Pay Attention to Everything

(photo by KSL News)

I love the Zen phrase — “Everything is connected. Everything changes. Pay attention.” It guides me in my personal life. It guides me in work with groups. It guides me when I need to drive in a snow storm, which is what happened last night upon my return to Salt Lake City’s International Airport.

Truth be told, I kind of like the feeling of needing to pay attention to the whole system of things. I like it that it matters. And, truth be told, I kind of like the feeling of activating my Canada driving skills to carry me from the airport to my home, a 45 mile drive.

Fast forward — made it last night. All good. And to be clear, if I felt it needed, I would have stayed with a friend in Salt Lake City to wait out the storm until day light. I also feel that I should knock on wood — to continue to invoke providence and good luck in the circumstances in which there is no such thing as “control.”

Pay attention to everything — here’s a bit of what that looked like for me last night.

  • Wear my boots; not my shoes (which I’d packed with me knowing this storm was a likelihood).
  • Wear my coat; have my gloves and hat ready (vulnerability is great, but being without gloves is just stupid).
  • Check the weather app for forecasts at the time I land; yikes, it was 80-90% chance of snow (and visibility was very low, looking out my airplane window).
  • Notice how long it would have been snowing; did it just start or had it been going on for hours (new circumstance or old pattern).
  • In riding the “Economy Lot Shuttle” to get to my car, ask the driver who I am standing next to, what he knows about the roads (he was 60s ish man originally from Idaho, and spoke simply — “When you have trouble breathing, it’s cold. Same thing when it’s hot.” That wasn’t super helpful, but it was endearing. The snow was falling heavily as he drove. The cars in the parking lot had 4-5 inches of snow on them.
  • Check the current temperature. It is above or below freezing? It will make a difference on whether ice is forming on the roads or if we are just dealing with the snow.

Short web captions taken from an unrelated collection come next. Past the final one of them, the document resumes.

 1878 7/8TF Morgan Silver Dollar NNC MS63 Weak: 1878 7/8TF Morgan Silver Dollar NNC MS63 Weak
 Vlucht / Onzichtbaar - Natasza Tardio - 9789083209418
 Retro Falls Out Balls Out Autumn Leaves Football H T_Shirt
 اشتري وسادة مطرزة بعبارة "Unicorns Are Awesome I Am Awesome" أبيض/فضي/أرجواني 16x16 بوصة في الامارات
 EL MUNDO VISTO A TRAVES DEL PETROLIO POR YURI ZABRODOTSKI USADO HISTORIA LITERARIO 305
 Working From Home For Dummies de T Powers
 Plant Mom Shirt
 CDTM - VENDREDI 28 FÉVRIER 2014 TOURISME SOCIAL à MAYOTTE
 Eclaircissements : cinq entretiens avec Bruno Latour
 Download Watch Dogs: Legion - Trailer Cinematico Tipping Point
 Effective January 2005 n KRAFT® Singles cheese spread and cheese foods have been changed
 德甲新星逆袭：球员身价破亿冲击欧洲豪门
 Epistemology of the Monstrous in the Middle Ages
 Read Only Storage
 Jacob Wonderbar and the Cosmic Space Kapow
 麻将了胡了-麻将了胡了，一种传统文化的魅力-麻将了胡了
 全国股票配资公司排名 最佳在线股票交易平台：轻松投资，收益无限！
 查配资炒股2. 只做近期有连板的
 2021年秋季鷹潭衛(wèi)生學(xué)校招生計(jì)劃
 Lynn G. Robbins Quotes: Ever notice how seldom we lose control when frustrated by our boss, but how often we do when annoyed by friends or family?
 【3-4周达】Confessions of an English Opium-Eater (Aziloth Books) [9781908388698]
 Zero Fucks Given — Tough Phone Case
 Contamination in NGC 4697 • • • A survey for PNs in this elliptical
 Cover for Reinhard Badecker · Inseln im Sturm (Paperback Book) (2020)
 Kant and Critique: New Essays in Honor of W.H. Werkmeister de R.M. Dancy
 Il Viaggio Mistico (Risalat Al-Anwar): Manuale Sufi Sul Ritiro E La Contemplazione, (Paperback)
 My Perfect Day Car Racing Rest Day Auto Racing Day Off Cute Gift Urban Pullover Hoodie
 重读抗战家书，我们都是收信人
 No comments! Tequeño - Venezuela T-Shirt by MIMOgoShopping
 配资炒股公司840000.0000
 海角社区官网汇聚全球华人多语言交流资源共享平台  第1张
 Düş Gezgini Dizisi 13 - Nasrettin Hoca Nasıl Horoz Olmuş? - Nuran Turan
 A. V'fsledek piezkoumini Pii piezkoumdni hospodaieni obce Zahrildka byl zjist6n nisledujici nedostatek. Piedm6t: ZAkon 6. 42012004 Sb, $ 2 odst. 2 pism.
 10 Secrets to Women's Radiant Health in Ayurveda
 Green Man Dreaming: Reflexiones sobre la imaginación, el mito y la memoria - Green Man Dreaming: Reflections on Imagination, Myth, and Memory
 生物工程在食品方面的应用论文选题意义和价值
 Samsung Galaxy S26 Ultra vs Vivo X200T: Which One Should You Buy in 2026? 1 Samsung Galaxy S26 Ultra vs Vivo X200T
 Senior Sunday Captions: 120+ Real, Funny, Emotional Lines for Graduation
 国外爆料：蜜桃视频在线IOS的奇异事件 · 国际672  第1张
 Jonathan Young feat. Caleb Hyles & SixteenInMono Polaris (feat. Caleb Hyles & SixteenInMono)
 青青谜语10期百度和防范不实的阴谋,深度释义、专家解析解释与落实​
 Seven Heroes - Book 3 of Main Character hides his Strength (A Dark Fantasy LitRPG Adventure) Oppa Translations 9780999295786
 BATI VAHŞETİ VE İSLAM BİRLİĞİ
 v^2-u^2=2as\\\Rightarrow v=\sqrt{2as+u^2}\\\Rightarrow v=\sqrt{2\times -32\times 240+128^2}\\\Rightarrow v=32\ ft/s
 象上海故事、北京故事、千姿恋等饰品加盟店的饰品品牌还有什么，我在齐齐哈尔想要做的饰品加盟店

Now I’m in my car. The wind is blowing slightly. Flakes of snow are large and remind me of Star Trek movies and what the stars look like moving at warp speed. It’s actually really beautiful, as is the quiet that only comes with snow.

Keep paying attention.

  • There remains slush on the road. That’s a good sign, as long as it doesn’t get to freezing soon.
  • Keep ample distance from others for extra room to do everything slowly. No sudden stops. No frivolous lane changes. When I say ample, I mean like 10-20 car lengths.
  • Watch others’ brake lights. If they brake, tap my own to learn from what I can’t see but what they may be seeing ahead of me.
  • Feel the road. Are my tires making good contact. (I do have newish winter tires for these purposes).
  • Watch extra for the highest elevation, “Point of the Mountain” where there is most often more snow.
  • Watch for vehicles pulled off to the side (do they need help, and, those might be extra tricky spots).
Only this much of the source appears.